Either Thompson was right to stay away for as long as he did -- since not even a TV star looks larger than life on a stage stuffed with white men -- or he's a bystander in the tussle that's shaping the Republican race for president (for better for worse). Notwithstanding the awakening of his oppo-research team (welcome to the game, guys), Thompson "largely watched from the sidelines as rivals Mitt Romney and Rudolph W. Giuliani clashed over who can return the party to its fiscally conservative roots," Michael Finnegan and Janet Hook write in the Los Angeles Times.
The spat between the two blue-state some-time moderates -- Romney, R-Mass., and Giuliani, R-N.Y. -- "spilled from the campaign trail onto the stage, with each accusing the other of failing to keep taxes low and to control spending," Michael Shear and Dan Balz report in The Washington Post. Giuliani won the round: His zinger, "I led. He lagged," beats Romney's "It's baloney." (And Romney -- enjoying home-field advantage in Michigan -- has to know the last thing a Republican wants to hear is that the president is going to check with his lawyers before responding to a nuclear threat.)
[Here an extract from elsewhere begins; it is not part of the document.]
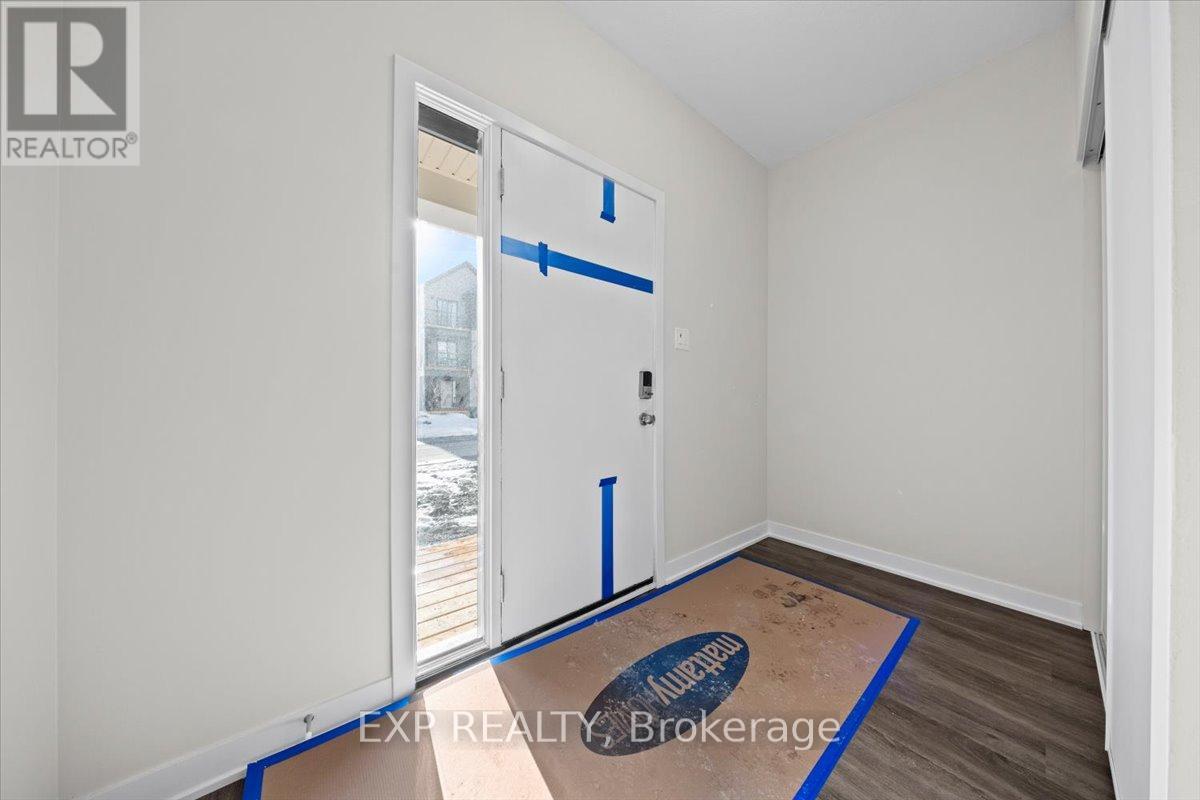 623 Bee Pollen Way, Ottawa, Ontario  K2W 0N9 - Photo 2 - X12863046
"Their increasingly fierce confrontation is starting to dominate the race for their party's nomination," Adam Nagourney and Marc Santora write in The New York Times. Both men offered enough statistics to fill the CNBC ticker, and the battle continued in reporters' e-mail inboxes. "Most of all, they clashed over a line-item veto that Mr. Romney said was essential to reducing spending in Washington and that Mr. Giuliani challenged successfully in the Supreme Court." (And Giuliani was unwavering in defending Joe Torre -- splitting the Yankee-fan vote.)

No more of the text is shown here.